START Listed records
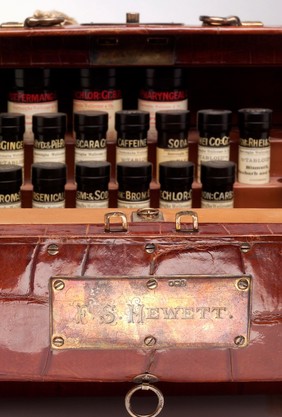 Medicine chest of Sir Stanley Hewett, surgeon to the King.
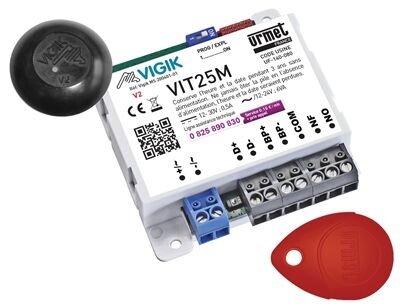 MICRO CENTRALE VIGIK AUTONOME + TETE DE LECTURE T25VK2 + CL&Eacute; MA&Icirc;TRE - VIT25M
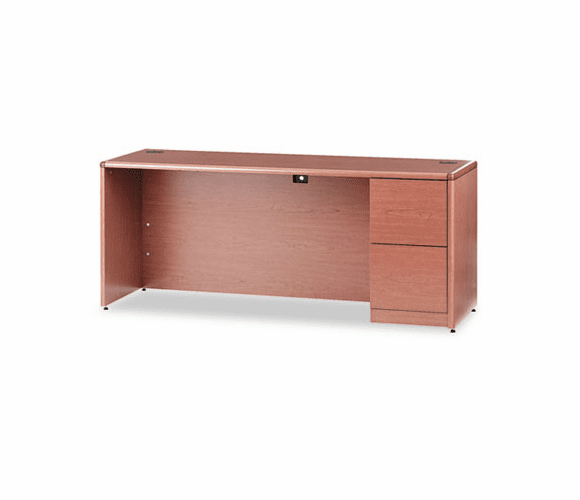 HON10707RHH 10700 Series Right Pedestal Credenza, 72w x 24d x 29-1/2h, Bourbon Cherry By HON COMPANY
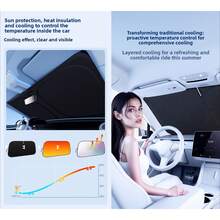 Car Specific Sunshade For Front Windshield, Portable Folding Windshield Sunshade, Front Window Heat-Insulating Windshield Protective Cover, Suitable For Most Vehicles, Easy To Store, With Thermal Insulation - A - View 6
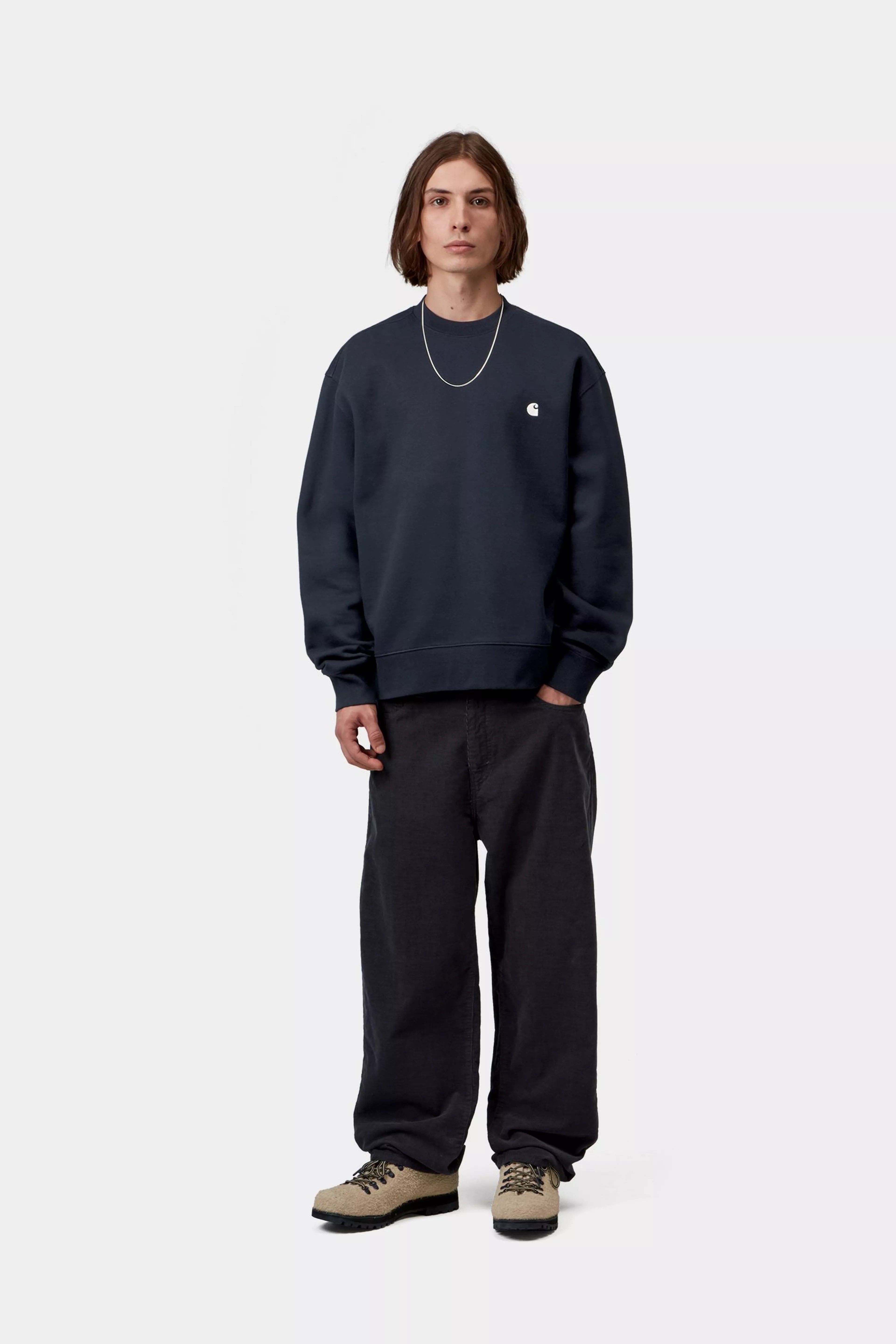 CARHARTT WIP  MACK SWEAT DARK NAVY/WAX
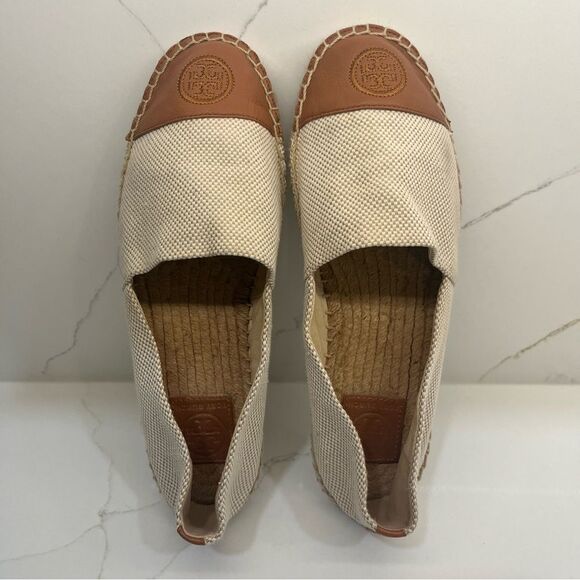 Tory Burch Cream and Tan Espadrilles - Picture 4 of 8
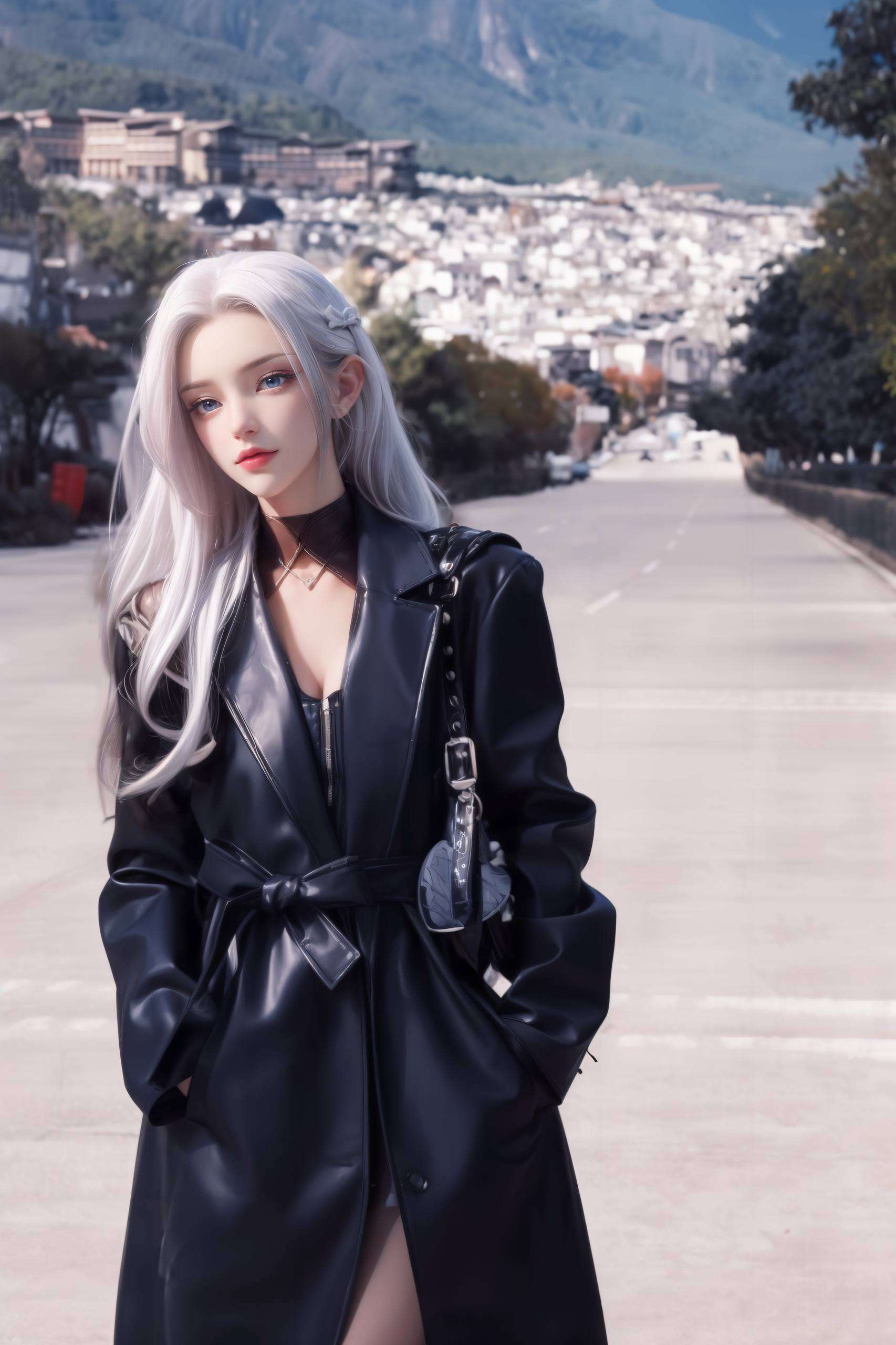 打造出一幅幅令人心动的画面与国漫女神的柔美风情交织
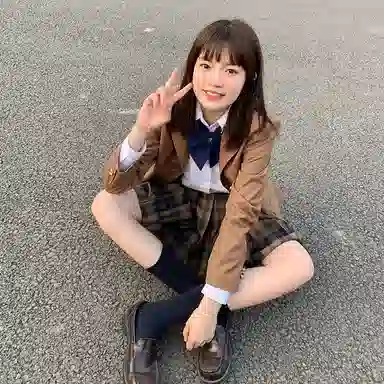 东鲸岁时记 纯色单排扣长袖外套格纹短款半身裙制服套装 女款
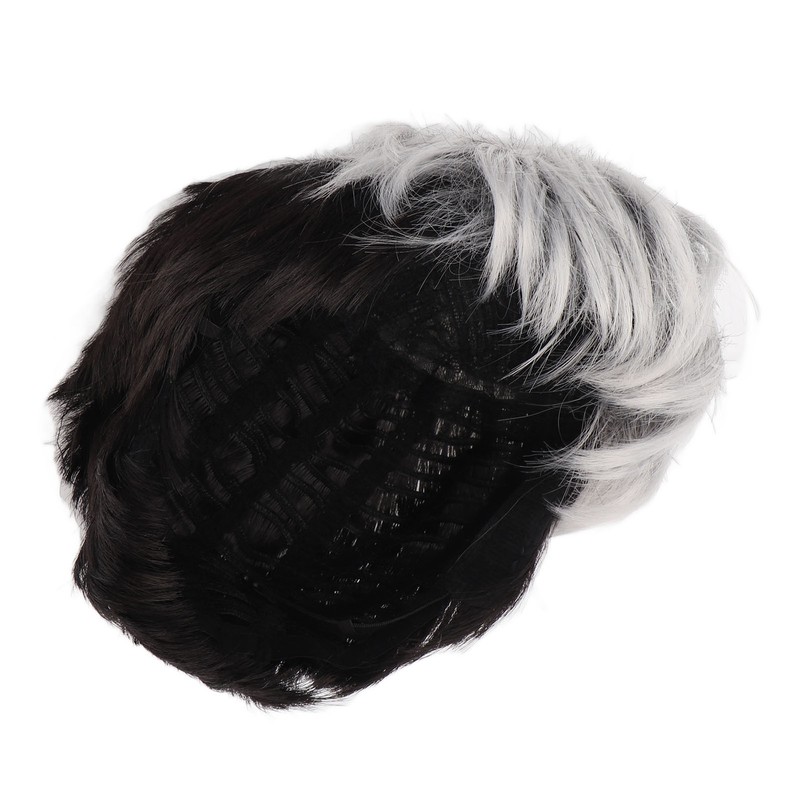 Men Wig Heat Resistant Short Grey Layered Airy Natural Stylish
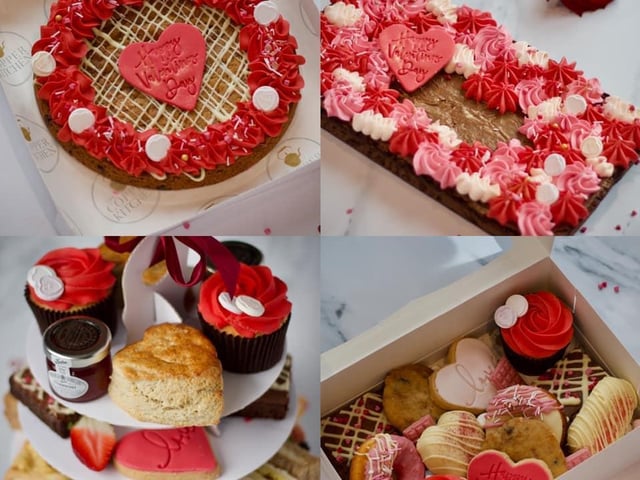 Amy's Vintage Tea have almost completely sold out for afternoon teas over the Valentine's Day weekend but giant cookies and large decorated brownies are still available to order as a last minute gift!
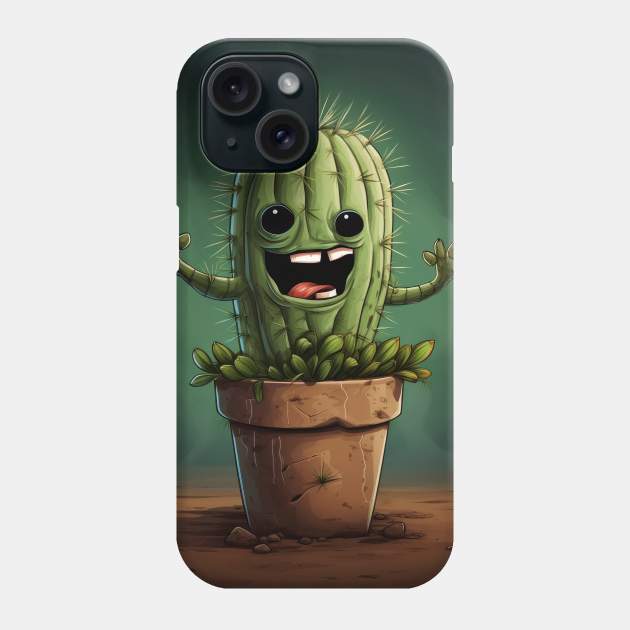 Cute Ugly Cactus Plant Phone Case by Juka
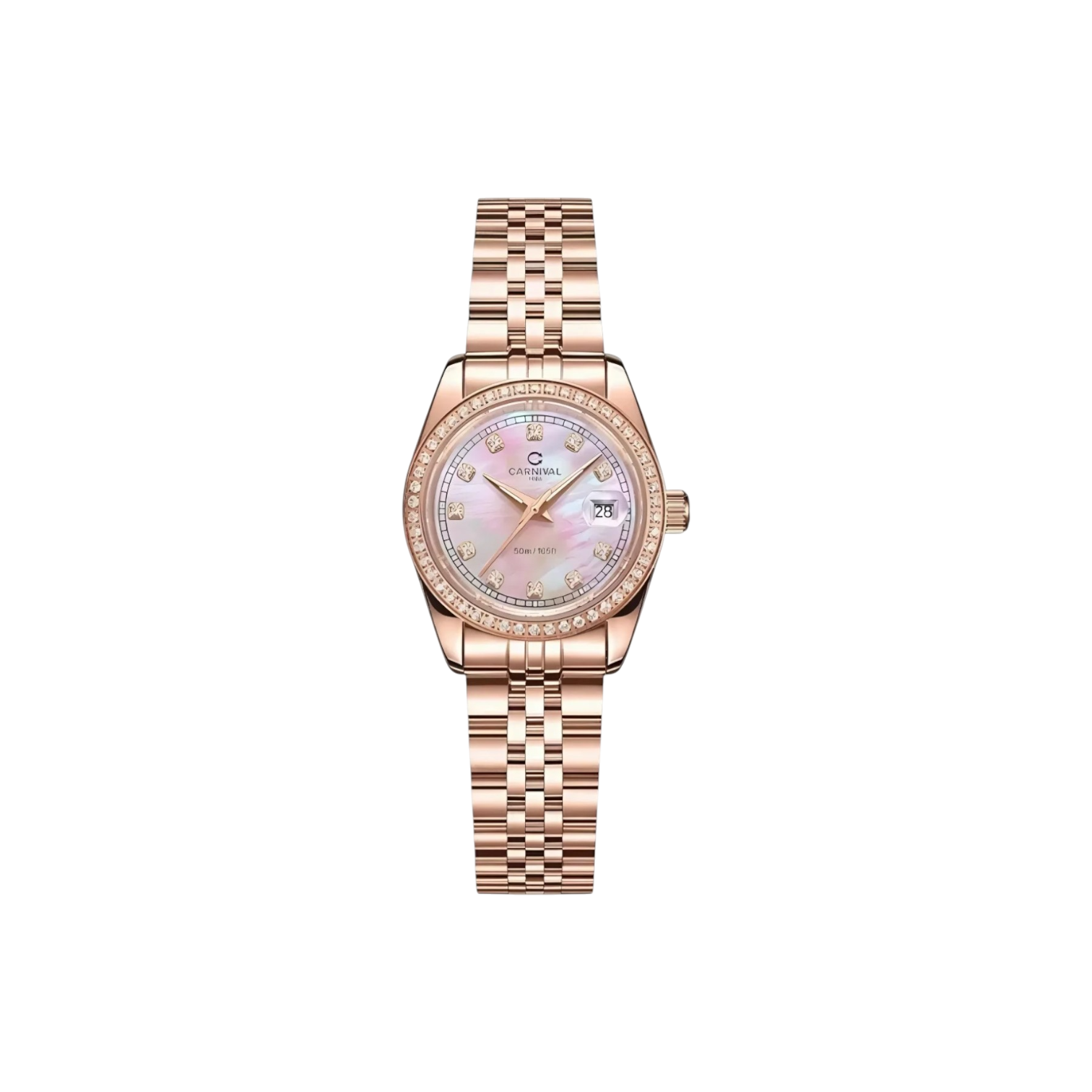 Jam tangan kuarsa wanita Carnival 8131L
END Listed records
Instructions to follow:
No picture is to be printed. Output exactly the lines above from the line containing "Car Specific Sunshade" through the line containing "Men Wig Heat".

Result of the exercise:
 Car Specific Sunshade For Front Windshield, Portable Folding Windshield Sunshade, Front Window Heat-Insulating Windshield Protective Cover, Suitable For Most Vehicles, Easy To Store, With Thermal Insulation - A - View 6
 CARHARTT WIP  MACK SWEAT DARK NAVY/WAX
 Tory Burch Cream and Tan Espadrilles - Picture 4 of 8
 打造出一幅幅令人心动的画面与国漫女神的柔美风情交织
 东鲸岁时记 纯色单排扣长袖外套格纹短款半身裙制服套装 女款
 Men Wig Heat Resistant Short Grey Layered Airy Natural Stylish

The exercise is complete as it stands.